Plasmodium falciparum ligand binding to erythrocytes induce alterations in deformability essential for invasion

  1. Xavier Sisquella
  2. Thomas Nebl
  3. Jennifer K Thompson
  4. Lachlan Whitehead
  5. Brian M Malpede
  6. Nichole D Salinas
  7. Kelly Rogers
  8. Niraj H Tolia
  9. Andrea Fleig
  10. Joseph O’Neill
  11. Wai-Hong Tham
  12. F David Horgen
  13. Alan F Cowman  Is a corresponding author
  1. The Walter and Eliza Hall Institute of Medical Research, Australia
  2. Washington University School of Medicine, United States
  3. Hawaii Pacific University, United States
  4. The University of Melbourne, Australia
  5. The Queen's Medical Center and John A. Burns School of Medicine, University of Hawaii, United States
4 figures, 2 videos and 2 additional files

Figures

Figure 1 with 2 supplements
P. falciparum EBA-175 RII binding to GPA increases deformability of the erythrocyte.

(A) Live imaging time frames showing a merozoite deforming an erythrocyte. Scale bar 5 μm. (B) Atomic force microscopy (AFM) screen of the effect of P. falciparum invasion ligands on the erythrocyte Young’s modulus (E). (C) Schematics showing EBA-175 and EBA-140 domain structure (top). The bottom panel is the AFM Young’s modulus of erythrocytes treated with EBA-175 region II, region III-IV and EBA-175 RII in the presence of EBA-175 RII antibodies (EBA-175+Ab). (D) AFM Young’s modulus of neuraminidase treated erythrocytes in the presence or absence of EBA-175 RII. (E) EBA-175 titration on erythrocytes and comparison of the AFM Young’s modulus (left) with the elongation index measured by rheology (right). 4 μg (B), 3.5 μg (C), 3.8 μg (D) and 1–4 μg (E) were added to 500 μL erythrocytes in RPMI-HEPES at 2% haematocrit.
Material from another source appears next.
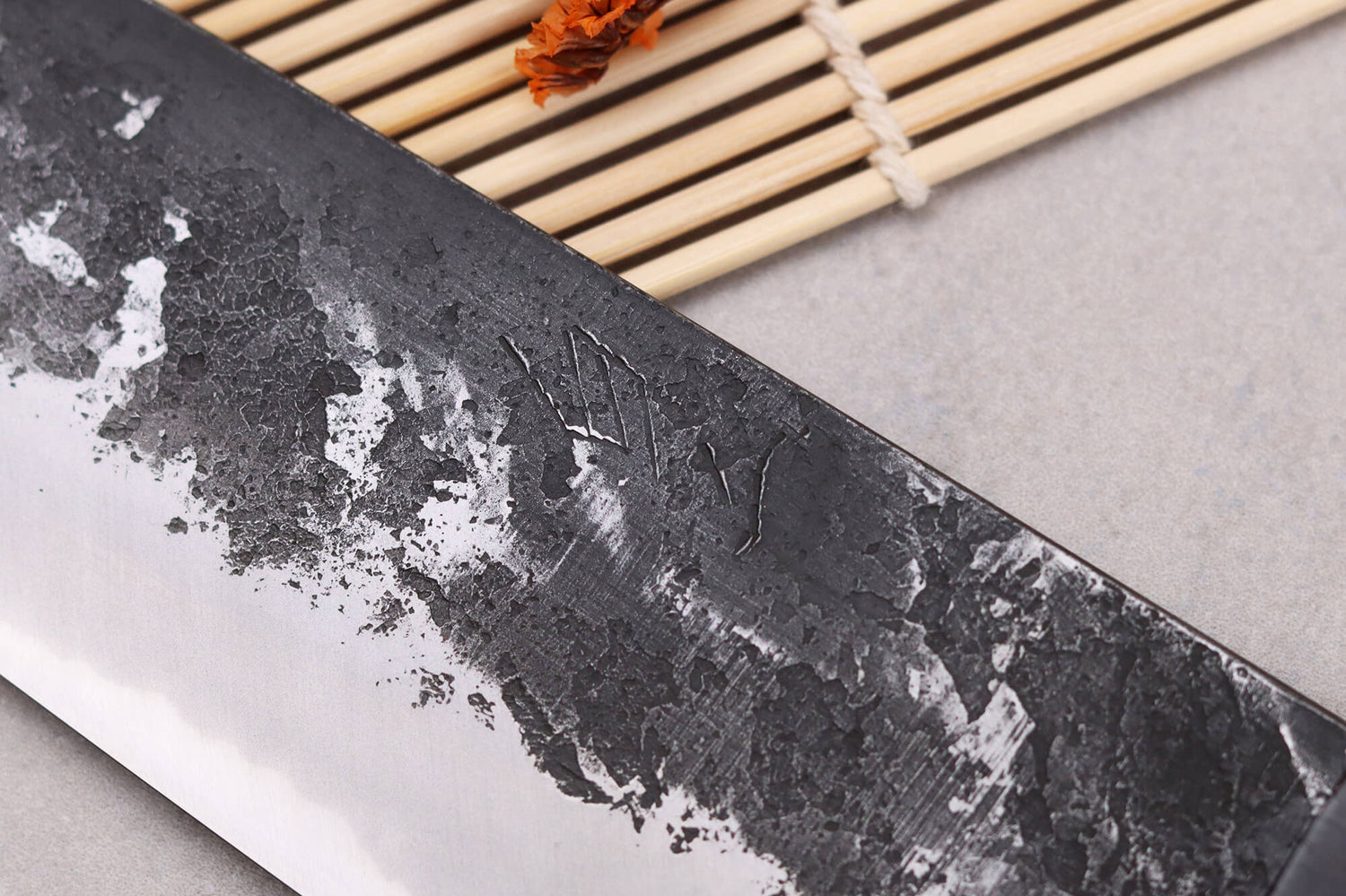 Couteau gyuto 18cm japonais artisanal Naoki Mazaki WS2 Black Nashiji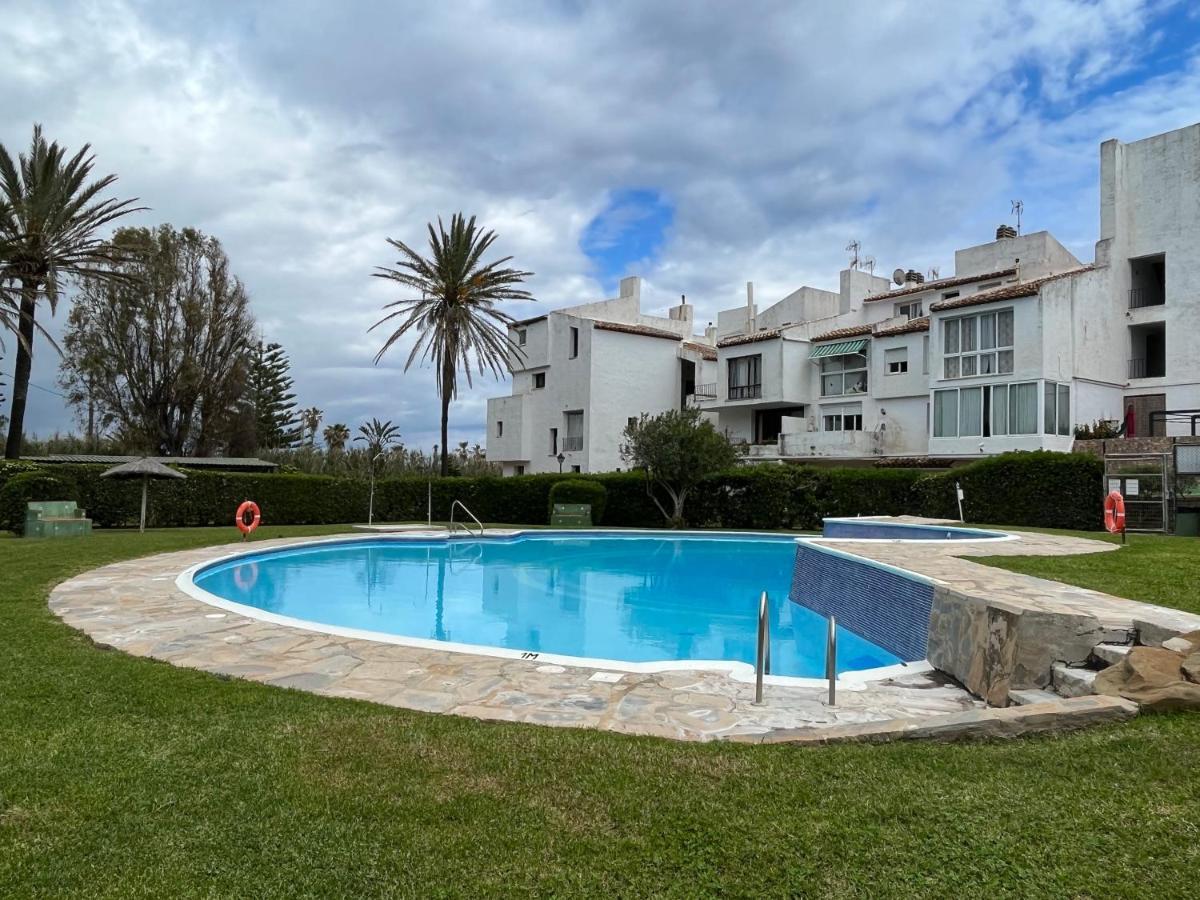 Apartments Bahia Dorada Estepona Bagian luar foto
Error bars represent the mean and SEM for three independent experiments.

https://doi.org/10.7554/eLife.21083.002
Figure 1—figure supplement 1
Binding of P. falciparum recombinant ligands to human erythrocytes.

(A) Schematics showing EBA-175, PfRh4 and PfRh5 domain structure. The black bars represent the recombinant fragments spanning the binding domains used in this study. (B) Coomasie gel of the recombinant proteins EBA-175 RII, Rh4.9 and Rh5 used for erythrocyte binding assays. (C) Erythrocyte binding assays showing that EBA-175 RII, Rh4.9 and Rh5 bind erythrocytes as detected by immuno-blot (molecular weight markers are labeled on the left). (D) Erythrocyte binding of EBA-175 RII, Rh4.9 and Rh5. Erythrocyte binding profiles with the bound protein analysed by immuno-blotting using specific primary antibodies. Bound protein was quantified using fluorescent secondary antibodies and densitometry. The curves show that EBA175 RII and Rh5 binding is saturable as the slope of the curve decreases with increasing amounts of input protein. Binding of Rh4.9 increases linearly between 0 and 20 μg of input protein. An immuno-blot is shown below the graph, with molecular weight markers on the right and lanes labeled as the amount of protein added to binding assays (μg).

https://doi.org/10.7554/eLife.21083.003
Figure 1—figure supplement 2
Binding of recombinant EBA-140 RII to human erythrocytes. 

(A) Quantitative binding assay of a 6x-His tagged recombinant EBA-140 RII. Erythrocytes were labeled with recombinant RII-140 and stained with a FITC conjugated anti-6x-His antibody. (B) Representative flow cytometry profile for untreated erythrocytes (gray, left) and erythrocytes treated with RII-140 (red, right).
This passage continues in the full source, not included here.